What I learned so far is that Cirrus CI lets you configure the time after which jobs are killed and it can be increased from the default of 60 minutes.
  Memory for the container/VM can be configured, however since open source projects run on the community cluster, scheduling of such jobs are prioritized by resource requirements.

This looks promising.

Further, they write that if the build directory contains a Dockerfile an attempt is made to try and use that.

Therefore a good approach seems to be to start with a docker container which later can also be adapted for 3).


[1] https://forum.dlang.org/thread/wjyttivhbklzujwjrups@forum.dlang.org
September 05, 2020
Am Sat, 05 Sep 2020 10:04:30 +0000 schrieb wjoe:

> This thread is a continuation of the conversation "GDC 10.2.1 Released" in the Announce group here [1]:
> 

To answer your other question:
>> We use https://github.com/D-Programming-GDC/gcc for CI, but commits will go to the GCC SVN first, so GCC SVN or snapshot tarballs is the recommended way to get the latest GDC.
>
> Is this information still up to date ?
> 
> There's a semaphore folder. I suppose that's the one currently used with Semaphore CI. Is there something else ?

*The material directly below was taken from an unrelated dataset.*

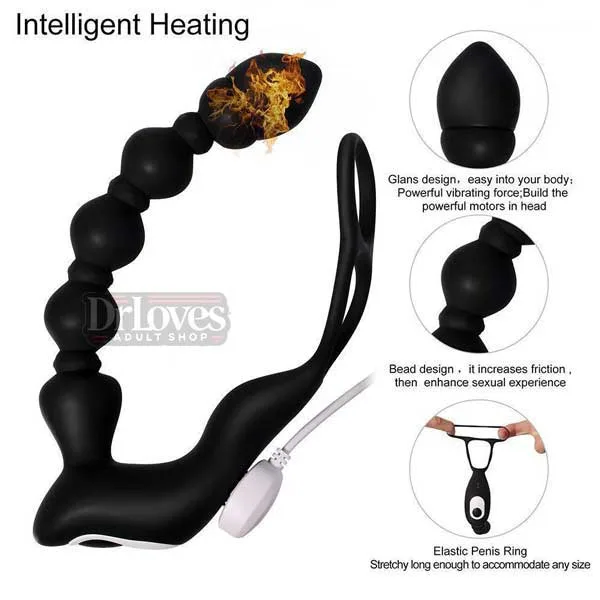 Heated Remote Control Anal Beads Vibrator 10 Modes — hình 3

That information is probably quite obsolete: As GCC upstream uses git now, it might be possible to simplify the overall process. That proces never really worked out and was quite complicated anyway, as it required committers to locally merge the commit containing the .semaphore configuration files before pushing to github. In hindsight, it was probably a bad idea.

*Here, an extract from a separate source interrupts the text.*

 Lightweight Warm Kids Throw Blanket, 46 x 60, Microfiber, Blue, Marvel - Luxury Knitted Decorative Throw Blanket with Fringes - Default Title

The main difficulty in setting up CI for GDC is that we can't simply put CI configuration files in the toplevel folder, as that folder is under GCC's control. For CI which allows you to keep the configuration out of the repositories, this is not a problem. But for those requiring certain files in the top-level folder, it's more complicated.

So that's why the old approach required merging a commit which includes the CI configuration. Maybe a better way is to automatically generate a new commit including CI configuration for each commit to be tested. This could probably be done with buildkite? Then trigger new build jobs for that auto-generated commit. The main difficulty there is integrating this into a somewhat nice workflow / interface.

-- 
Johannes
September 05, 2020
On Saturday, 5 September 2020 at 10:25:28 UTC, Johannes Pfau wrote:
> Am Sat, 05 Sep 2020 10:04:30 +0000 schrieb wjoe:
>
>> This thread is a continuation of the conversation "GDC 10.2.1 Released" in the Announce group here [1]:
>> 
>
> To answer your other question:
>>> We use https://github.com/D-Programming-GDC/gcc for CI, but commits will go to the GCC SVN first, so GCC SVN or snapshot tarballs is the recommended way to get the latest GDC.
>>
>> Is this information still up to date ?
>> 
>> There's a semaphore folder. I suppose that's the one currently used with Semaphore CI. Is there something else ?
>
> That information is probably quite obsolete: As GCC upstream uses git now, it might be possible to simplify the overall process. That proces never really worked out and was quite complicated anyway, as it required committers to locally merge the commit containing the .semaphore configuration files before pushing to github. In hindsight, it was probably a bad idea.
>
> The main difficulty in setting up CI for GDC is that we can't simply put CI configuration files in the toplevel folder, as that folder is under GCC's control. For CI which allows you to keep the configuration out of the repositories, this is not a problem. But for those requiring certain files in the top-level folder, it's more complicated.
>
> So that's why the old approach required merging a commit which includes the CI configuration. Maybe a better way is to automatically generate a new commit including CI configuration for each commit to be tested. This could probably be done with buildkite? Then trigger new build jobs for that auto-generated commit. The main difficulty there is integrating this into a somewhat nice workflow / interface.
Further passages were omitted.